Record extracts —
BEGIN

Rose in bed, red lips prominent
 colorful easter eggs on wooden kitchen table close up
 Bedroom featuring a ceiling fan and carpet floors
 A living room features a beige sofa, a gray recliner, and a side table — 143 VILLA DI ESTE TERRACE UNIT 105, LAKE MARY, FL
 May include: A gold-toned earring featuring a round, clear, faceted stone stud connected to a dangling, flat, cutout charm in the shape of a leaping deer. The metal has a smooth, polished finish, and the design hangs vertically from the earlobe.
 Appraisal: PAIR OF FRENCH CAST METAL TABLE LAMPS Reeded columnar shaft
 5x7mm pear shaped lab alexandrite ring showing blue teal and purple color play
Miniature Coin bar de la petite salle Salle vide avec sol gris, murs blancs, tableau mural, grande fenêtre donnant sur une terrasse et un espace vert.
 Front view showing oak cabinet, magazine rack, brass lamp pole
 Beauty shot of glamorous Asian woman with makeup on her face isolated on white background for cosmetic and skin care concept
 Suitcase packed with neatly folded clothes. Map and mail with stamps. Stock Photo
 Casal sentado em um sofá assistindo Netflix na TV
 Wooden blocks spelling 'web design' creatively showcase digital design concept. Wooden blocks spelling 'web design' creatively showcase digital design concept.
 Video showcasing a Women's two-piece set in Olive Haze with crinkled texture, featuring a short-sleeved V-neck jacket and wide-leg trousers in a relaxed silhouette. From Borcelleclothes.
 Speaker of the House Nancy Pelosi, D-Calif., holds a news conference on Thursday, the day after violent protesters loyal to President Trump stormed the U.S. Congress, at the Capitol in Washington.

END

The task — Without skipping a line, print the listing once more exactly.

Written response —
Rose in bed, red lips prominent
 colorful easter eggs on wooden kitchen table close up
 Bedroom featuring a ceiling fan and carpet floors
 A living room features a beige sofa, a gray recliner, and a side table — 143 VILLA DI ESTE TERRACE UNIT 105, LAKE MARY, FL
 May include: A gold-toned earring featuring a round, clear, faceted stone stud connected to a dangling, flat, cutout charm in the shape of a leaping deer. The metal has a smooth, polished finish, and the design hangs vertically from the earlobe.
 Appraisal: PAIR OF FRENCH CAST METAL TABLE LAMPS Reeded columnar shaft
 5x7mm pear shaped lab alexandrite ring showing blue teal and purple color play
Miniature Coin bar de la petite salle Salle vide avec sol gris, murs blancs, tableau mural, grande fenêtre donnant sur une terrasse et un espace vert.
 Front view showing oak cabinet, magazine rack, brass lamp pole
 Beauty shot of glamorous Asian woman with makeup on her face isolated on white background for cosmetic and skin care concept
 Suitcase packed with neatly folded clothes. Map and mail with stamps. Stock Photo
 Casal sentado em um sofá assistindo Netflix na TV
 Wooden blocks spelling 'web design' creatively showcase digital design concept. Wooden blocks spelling 'web design' creatively showcase digital design concept.
 Video showcasing a Women's two-piece set in Olive Haze with crinkled texture, featuring a short-sleeved V-neck jacket and wide-leg trousers in a relaxed silhouette. From Borcelleclothes.
 Speaker of the House Nancy Pelosi, D-Calif., holds a news conference on Thursday, the day after violent protesters loyal to President Trump stormed the U.S. Congress, at the Capitol in Washington.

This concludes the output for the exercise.